◆ **Supplied information**:
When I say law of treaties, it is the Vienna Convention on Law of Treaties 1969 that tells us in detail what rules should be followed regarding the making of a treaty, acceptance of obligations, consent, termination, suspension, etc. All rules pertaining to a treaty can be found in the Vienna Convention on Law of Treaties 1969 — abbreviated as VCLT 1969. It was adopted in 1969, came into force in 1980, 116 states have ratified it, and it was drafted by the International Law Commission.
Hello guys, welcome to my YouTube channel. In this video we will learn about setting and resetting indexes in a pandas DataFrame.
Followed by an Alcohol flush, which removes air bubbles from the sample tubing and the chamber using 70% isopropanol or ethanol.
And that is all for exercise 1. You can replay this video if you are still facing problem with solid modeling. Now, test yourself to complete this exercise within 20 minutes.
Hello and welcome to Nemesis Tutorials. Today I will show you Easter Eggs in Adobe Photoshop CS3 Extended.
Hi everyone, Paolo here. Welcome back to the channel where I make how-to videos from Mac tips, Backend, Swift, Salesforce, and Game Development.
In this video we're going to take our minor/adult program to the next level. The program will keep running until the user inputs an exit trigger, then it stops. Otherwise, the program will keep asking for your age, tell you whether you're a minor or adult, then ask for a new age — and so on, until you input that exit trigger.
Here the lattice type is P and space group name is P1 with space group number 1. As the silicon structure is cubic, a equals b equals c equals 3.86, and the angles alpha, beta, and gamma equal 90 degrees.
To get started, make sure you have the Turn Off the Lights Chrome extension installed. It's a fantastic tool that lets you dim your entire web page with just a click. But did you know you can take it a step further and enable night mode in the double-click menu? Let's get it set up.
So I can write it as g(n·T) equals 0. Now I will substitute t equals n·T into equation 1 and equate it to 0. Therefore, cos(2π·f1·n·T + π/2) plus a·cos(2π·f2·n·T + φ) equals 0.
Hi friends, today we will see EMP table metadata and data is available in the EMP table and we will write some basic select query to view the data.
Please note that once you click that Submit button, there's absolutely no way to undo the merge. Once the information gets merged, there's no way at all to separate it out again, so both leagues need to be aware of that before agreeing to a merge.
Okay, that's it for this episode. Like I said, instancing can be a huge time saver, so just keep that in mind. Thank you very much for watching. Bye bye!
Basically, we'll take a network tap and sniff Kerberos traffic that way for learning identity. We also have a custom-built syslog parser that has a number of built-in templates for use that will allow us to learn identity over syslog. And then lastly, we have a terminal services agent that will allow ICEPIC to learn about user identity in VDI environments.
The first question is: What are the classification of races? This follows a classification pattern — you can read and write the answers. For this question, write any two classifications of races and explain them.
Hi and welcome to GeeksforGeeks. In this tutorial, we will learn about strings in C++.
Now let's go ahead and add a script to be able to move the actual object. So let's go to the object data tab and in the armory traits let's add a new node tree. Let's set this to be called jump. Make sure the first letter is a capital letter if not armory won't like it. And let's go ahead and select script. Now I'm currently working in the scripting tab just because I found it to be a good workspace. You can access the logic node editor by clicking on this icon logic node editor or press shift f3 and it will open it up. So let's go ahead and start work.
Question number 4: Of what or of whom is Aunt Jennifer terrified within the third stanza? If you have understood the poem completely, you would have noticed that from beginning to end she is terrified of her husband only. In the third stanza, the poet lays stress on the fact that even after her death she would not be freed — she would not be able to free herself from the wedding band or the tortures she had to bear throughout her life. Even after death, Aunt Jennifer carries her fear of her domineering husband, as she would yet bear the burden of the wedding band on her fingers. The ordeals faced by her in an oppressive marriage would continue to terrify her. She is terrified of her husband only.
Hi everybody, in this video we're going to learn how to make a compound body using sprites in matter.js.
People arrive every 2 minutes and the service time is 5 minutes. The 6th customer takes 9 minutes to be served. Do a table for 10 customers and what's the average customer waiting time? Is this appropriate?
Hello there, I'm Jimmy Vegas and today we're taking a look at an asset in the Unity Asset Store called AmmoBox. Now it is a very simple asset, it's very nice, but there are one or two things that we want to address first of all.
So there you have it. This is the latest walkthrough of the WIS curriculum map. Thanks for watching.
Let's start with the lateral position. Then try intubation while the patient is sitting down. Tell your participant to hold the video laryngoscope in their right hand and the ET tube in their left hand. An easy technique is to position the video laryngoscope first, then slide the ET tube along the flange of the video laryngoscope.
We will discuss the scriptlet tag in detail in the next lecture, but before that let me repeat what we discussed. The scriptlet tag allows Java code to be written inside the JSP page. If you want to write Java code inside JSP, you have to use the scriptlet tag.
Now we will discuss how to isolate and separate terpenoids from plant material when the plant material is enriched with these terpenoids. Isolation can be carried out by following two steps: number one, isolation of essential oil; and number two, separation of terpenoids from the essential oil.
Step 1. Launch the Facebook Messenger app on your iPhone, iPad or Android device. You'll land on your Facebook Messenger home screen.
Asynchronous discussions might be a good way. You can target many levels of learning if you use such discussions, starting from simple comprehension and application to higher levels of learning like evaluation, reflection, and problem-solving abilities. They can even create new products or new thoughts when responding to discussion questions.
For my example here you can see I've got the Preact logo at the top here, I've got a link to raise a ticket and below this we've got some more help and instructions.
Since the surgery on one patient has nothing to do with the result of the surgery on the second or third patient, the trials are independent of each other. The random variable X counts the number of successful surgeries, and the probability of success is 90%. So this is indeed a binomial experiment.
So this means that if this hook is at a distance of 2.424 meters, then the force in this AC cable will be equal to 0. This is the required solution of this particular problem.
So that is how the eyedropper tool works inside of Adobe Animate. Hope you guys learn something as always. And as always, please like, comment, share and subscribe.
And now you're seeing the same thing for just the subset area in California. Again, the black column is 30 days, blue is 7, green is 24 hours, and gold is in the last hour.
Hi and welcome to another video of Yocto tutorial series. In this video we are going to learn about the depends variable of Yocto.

◆ **Task requirements**:
If a line contains the string "using", include it in the tally; report the final tally for the whole listing and nothing else.

◆ **Reply**:
2